The authors explore both parameter adaptation and prompt-related approaches and propose a framework to combine these techniques to improve the capability of transfer learning.
优点
Techniques of parameter-efficient fine-tuning (PEFT) are popular in recent research literature. It is reasonable to explore a way to optimize the PEFT method for image retrieval tasks.
The authors did extensive experiments on many different datasets to demonstrate their proposed framework. They show some improvement in model generalization, comparing the full fine-tuning baseline and other methods.
缺点
- Unsolid motivation: the concept "universal" is not really universal
I believe the major problem with this paper is the motivation and proposed challenge in DML tasks. The authors promote the concept of "universal" DML model by simply fine-tuning it on a combined dataset. However, I believe what the community expects from PEFT research is some efficient transfer learning approach directly from the pre-trained large-scale model, like CLIP, which was trained in an unsupervised way on general large-scale datasets. Thus, we can develop methods for fine-tuning this general model for some specific downstream tasks, like image retrieval. However, the authors' proposed paradigm evaluates its transfer learning capability on a combined DML dataset, which I believe is not meaningful.
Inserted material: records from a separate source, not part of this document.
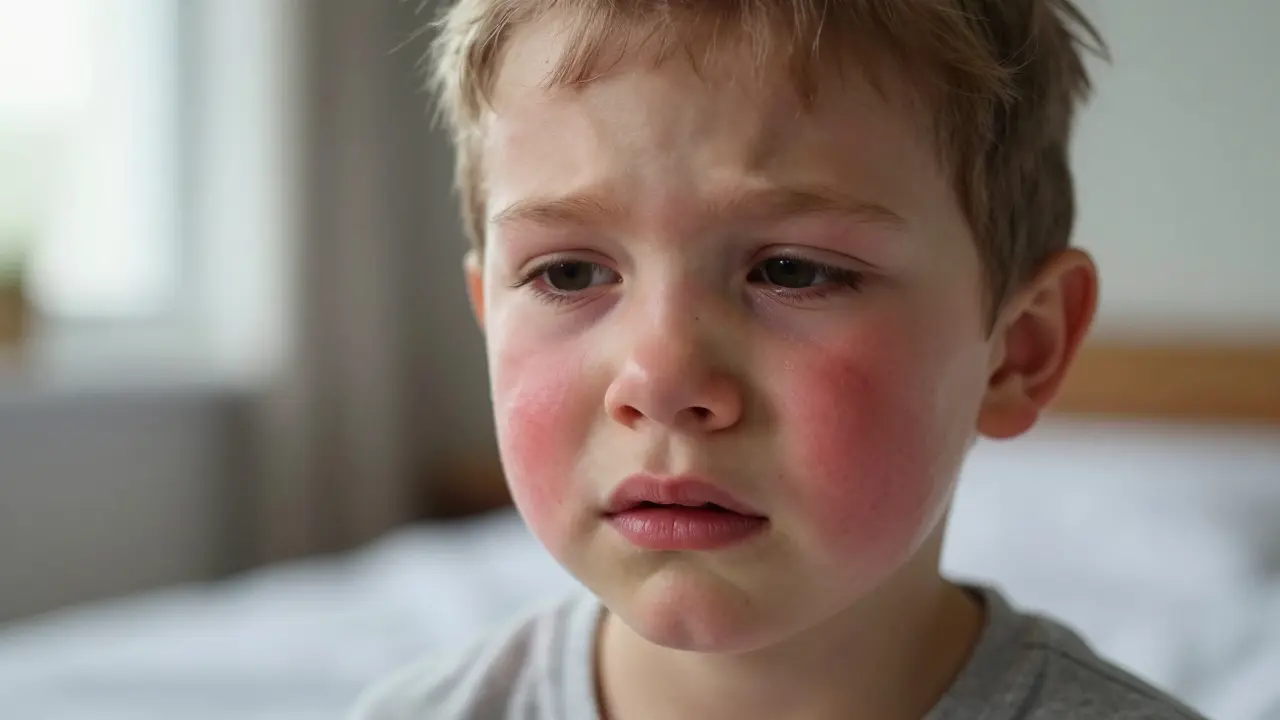 Jak dlouho se léčí spála? Průběh nemoci, příznaky a kdy jít k lékaři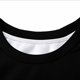 thumbnail image 3 of Camiseta de Cuello de Tripulación de Manga Larga de los Hombres de San Patricio Día de Impresión, sin Capucha, 3 of 8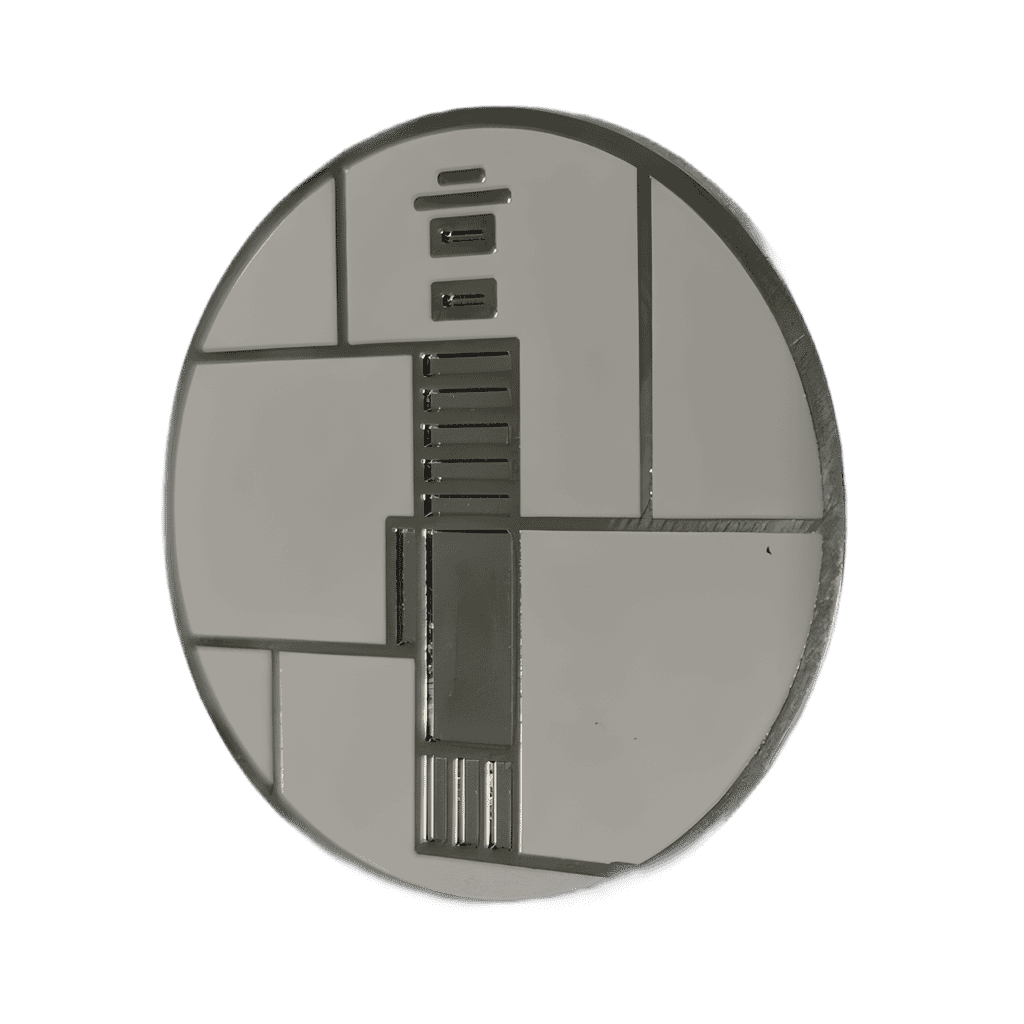 Peace and Justice Disney pin
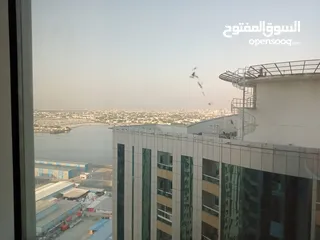  5 For sale in Ajman, Orient Towers: a two-bedroom apartm  للبيع عجمان ابراج الاورينت شقه غرفتين وصاله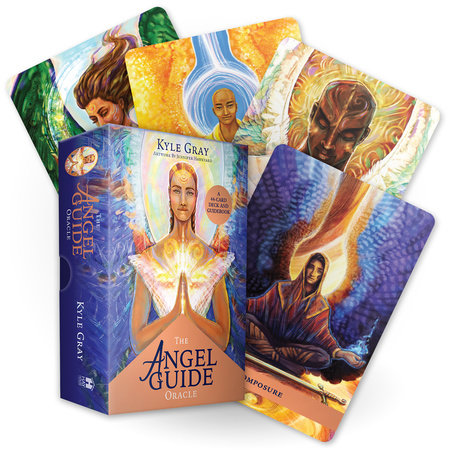 The Angel Guide Oracle - Kyle Gray 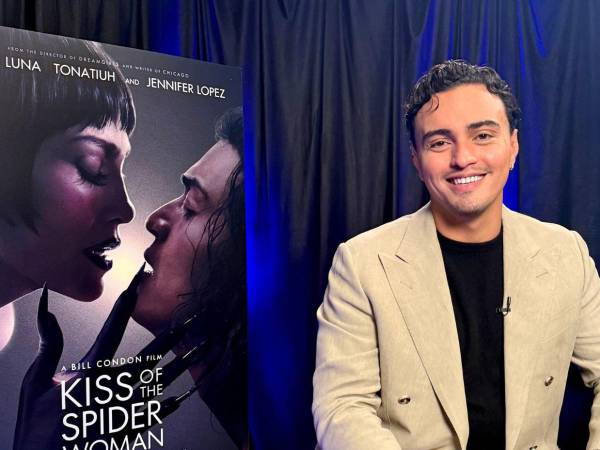 Al hablar de su experiencia con López y Luna, Tonatiuh revela que lo más inesperado fue lo divertidos que son.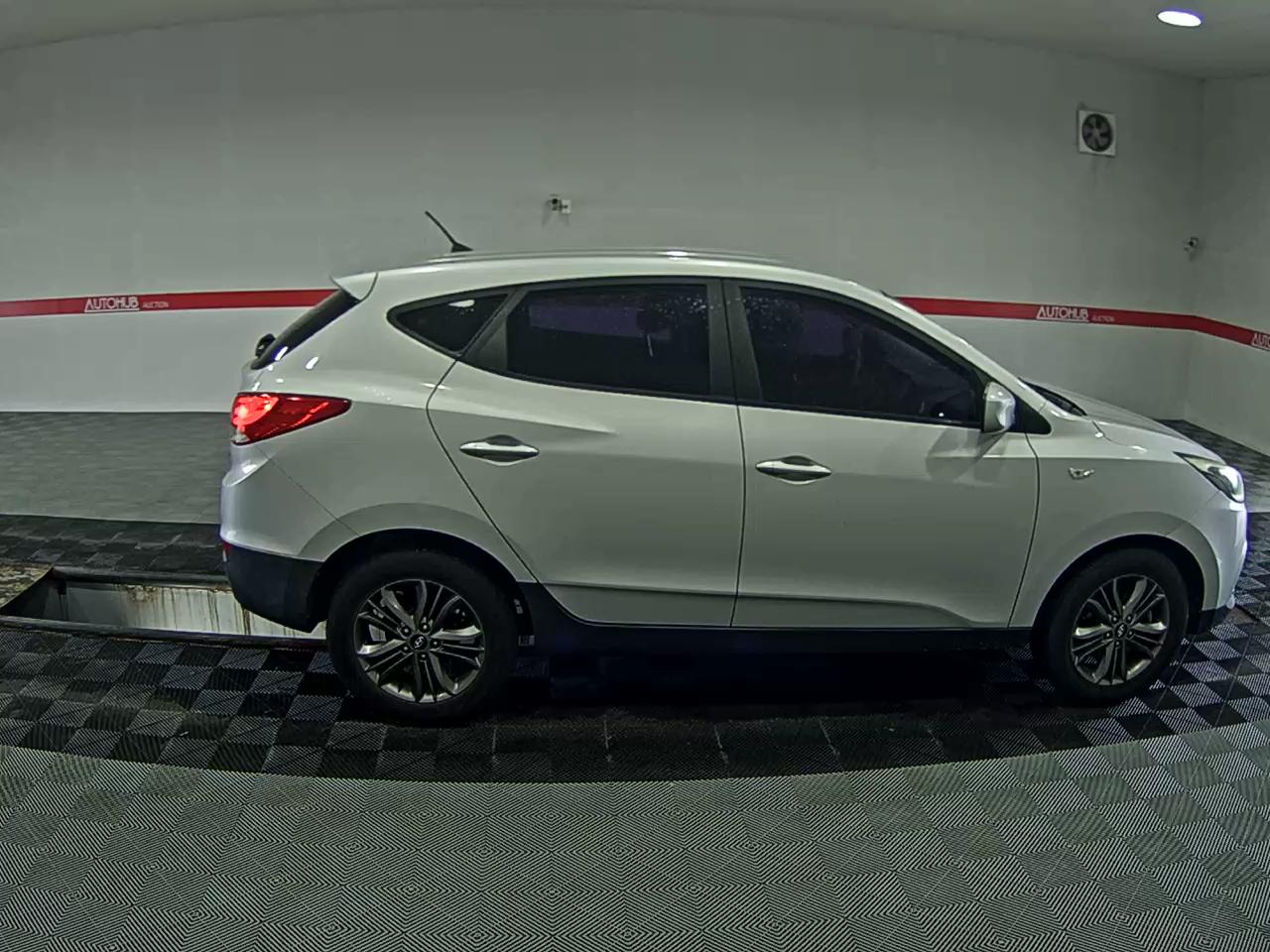 هيونداي توسان 2015 SMART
In other words, if we have a pre-trained model and we want to fine-tune it on a small image retrieval task, like Cars, why do we need to care about its transfer ability on a united dataset that combines many small image retrieval datasets?
- The contribution is not novel.
The author proposes a framework that combines two popular PEFT methods (the Adapter and the Prompts), which have been widely explored in recent research works.
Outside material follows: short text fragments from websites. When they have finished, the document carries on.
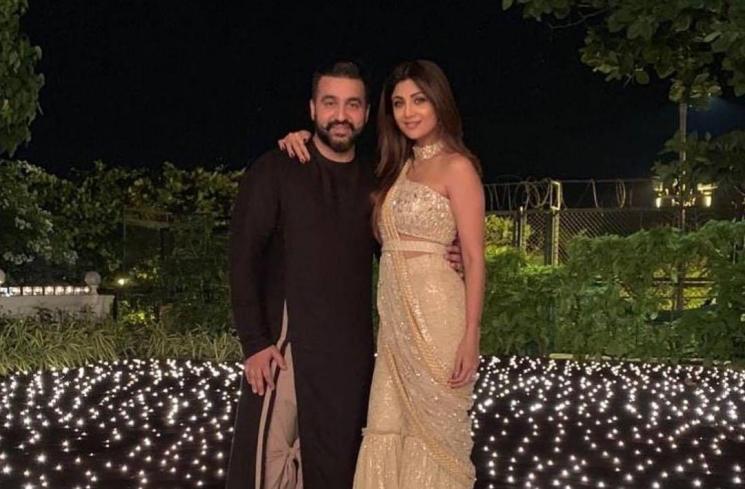 Shilpa Shetty dan Raj Kundra (Instagram/@bollywood)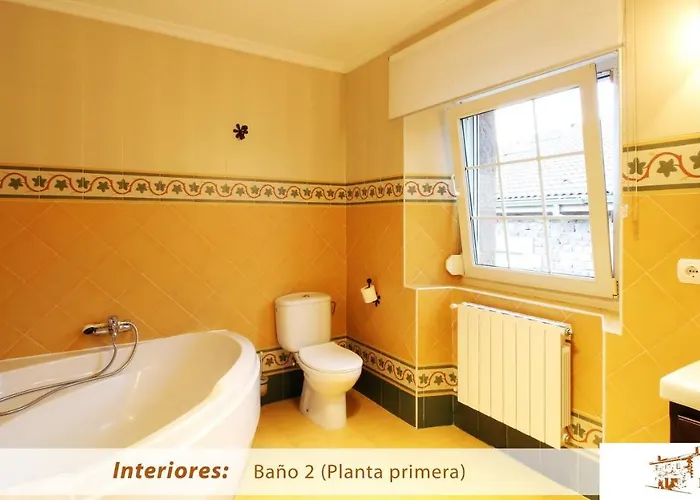 بيت للعطل La Cova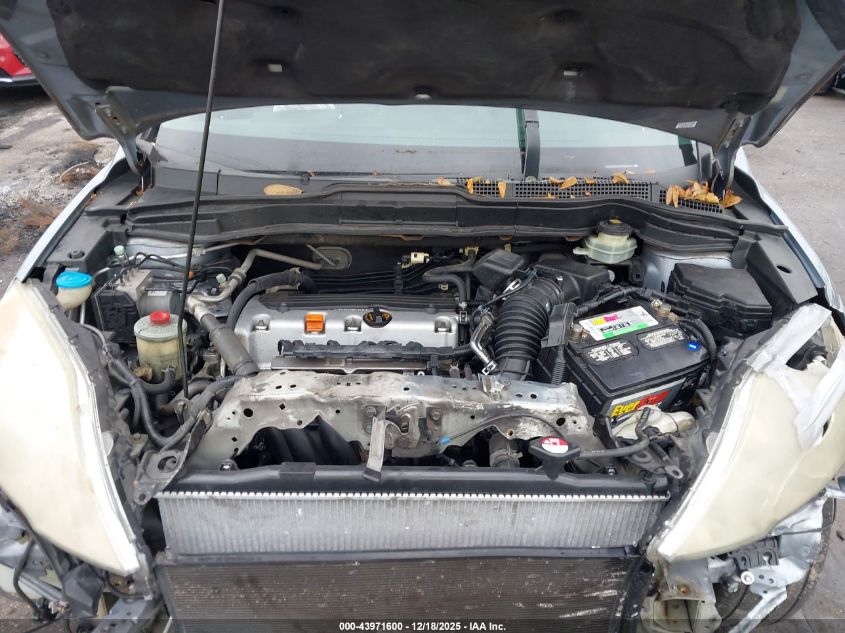 2010 Honda Cr-V Lx VIN: 5J6RE3H32AL000911 Lot: 43971600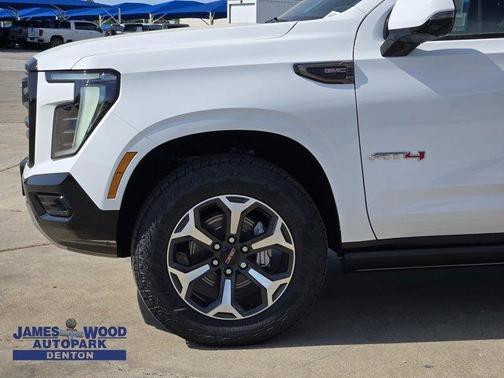 2025 GMC Yukon XL AT4 Ultimate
More importantly, I didn't see any contributions specifically designed for DML tasks. That means the proposed framework can also be applied to other tasks, like general image classification. Why it benefits the performance of DML tasks is still unclear. The performance of the proposed framework on other computer vision tasks may also need to be discussed. In addition, the technique improvements on the Adapter (add the random mask) and the Prompts (add the conditional attention) are incremental and cannot be regarded as novel.
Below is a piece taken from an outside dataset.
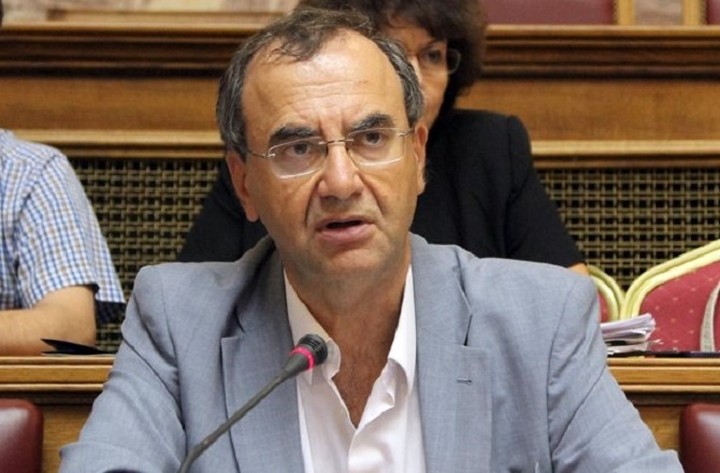 Στρατούλης: «Βαριές» οι πολιτικές ευθύνες για τη λεηλασία των αποθεματικών των Ταμείων
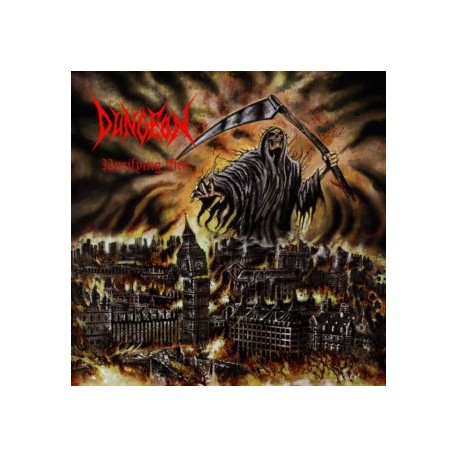 Dungeon (UK) "Purifying Fire" MLP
Based on the unsolid motivation and incremental technique contribution, I believe this paper is under the board line in its current state.
问题
-
Why do we need to care about a united dataset that is combined with different image retrieval datasets, knowing that we already have pre-trained models from much larger and more "universal" datasets, like CLIP?
-
In conditional prompt learning, it seems both the key (K) and the value (prompt itself) of the attention network need to be learned from the task. How does the learning object ensure learning distinct representations for each member of the prompts in the pool?
-
Why would the query feature grasp the data distribution from the patch of a single image? Why don't pool the patches of all images in the datasets instead?
This paper tries to introduce and solve a new metric learning paradigm, called Universal Metric Learning (UML).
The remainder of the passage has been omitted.